Se Paris é a França, Coney Island, entre junho e setembro, é o mundo.
George Tilyou (1862-1914), criador do Steeplechase Park, o primeiro da ilha
Mais do que uma viagem longa, o percurso de 20 e poucos quilômetros que separa o Midtown, em Manhattan, da distante Coney Island, no sul da cidade de Nova York, representa um abrupto mergulho no tempo. Nada mais alheio ao clima de opulência, sofisticação e pragmatismo, que caracteriza Manhattan, do que o ambiente rarefeito de terrenos vazios, sobras de demolições, amplos estacionamentos e restos de parques de diversão e freak shows decadentes. Espiritualmente desconectados um do outro, Coney Island e Manhattan são dois mundos avessos, separados, no entanto, por apenas uma hora de metrô e situados na mesma cidade.
À medida que o trem avança pelo Brooklyn profundo – já tendo aflorado na superfície do chão desde a ponte Manhattan –, atravessando terrenos baldios e estações suburbanas, voltamos a sentir o quanto a ilha-coração de Nova York é uma isolada bolha de prosperidade. Mas não é a oposição binária entre riqueza e pobreza, ou entre centro e periferia, o que mais choca e fascina quando finalmente aterrissamos na estação Stillwell, na esquina da avenida de mesmo nome com a Surf Avenue. Coney Island é, ela mesma, um autêntico mundo em formol, assim como os anões, bebês siameses, fetos de duas cabeças, de três pernas, de um olho só, ou as mulheres sem cabeça, que ainda estão lá (real ou supostamente) à espera de visitantes.

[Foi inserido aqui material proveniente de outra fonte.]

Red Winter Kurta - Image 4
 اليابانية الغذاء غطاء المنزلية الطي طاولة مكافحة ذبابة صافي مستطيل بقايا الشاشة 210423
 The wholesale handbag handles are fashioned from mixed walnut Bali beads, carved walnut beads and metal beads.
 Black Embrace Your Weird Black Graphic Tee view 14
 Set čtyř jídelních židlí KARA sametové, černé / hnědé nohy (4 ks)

Um formol que, entretanto, não os conservou muito bem, pois se a vida em Coney Island parece emergir diretamente de um túnel do tempo, ela está, há muito, em avançado processo de decomposição.
Altos, monótonos e opressivos conjuntos de edifícios habitacionais de tijolo escuro, vastas áreas de pátios ferroviários e terrenos baldios são todos elementos comuns a paisagens suburbanas. Mas Coney Island tem muito mais do que isso. Naquele lugar pulsa uma enorme energia represada, que atingiu o seu ápice há aproximadamente 100 anos e que de lá para cá vem agonizando e carregando consigo as marcas dos maus tratos sofridos ao longo de todo o século 20 sem, no entanto, perder a sua essência estranha. Tão estranha e longínqua que hoje se perde na poeira dos tempos e da areia em constante suspensão pelos fortes ventos do litoral, na boca de entrada da baía de Gravesend, na foz do rio Hudson. Ambiente rarefeito e densidade histórica, eis aí uma curiosa combinação que tem atraído para lá a atenção de inúmeros e importantes artistas norte-americanos ao longo das décadas, em busca menos de um patrimônio histórico real do que de um certo estado de espírito, uma Coney Island da mente – título do mais importante livro de poemas de Lawrence Ferlinghetti. Um lugar pararreal que paira acima do chão, como um eterno “circo da alma”.1
Para o turista estrangeiro, Coney Island aparece como destino discretamente sugerido nos guias e mapas da cidade apenas por abrigar o Aquário Municipal, de modesto interesse. Mas já num grau menos standard e mais heterodoxo de informação turística, o lugar pode atrair visitantes por motivos variados: sejam os interessados em assistir aos jogos de beisebol do Brooklyn Cyclones no KeySpan Park, sejam os que desejam participar das festas da Parada da Sereia, em junho, dos torneios de devoradores de cachorro-quente, no dia 4 de julho, no histórico Nathan’s Famous, ou ainda das travessias a nado em águas geladas do Coney Island Polar Bear Club, na noite do Réveillon. Todas, atrações ligadas ao universo da diversão, do entretenimento, da curiosidade ou da bizarrice, que marcam a essência do lugar desde as últimas décadas do século 19, quando Coney Island se tornou um dos maiores destinos turísticos de massa do mundo em razão de sua praia e de seus delirantes e reluzentes parques de diversão: o Steeplechase (1897), o Luna Park (1903) e o Dreamland (1904).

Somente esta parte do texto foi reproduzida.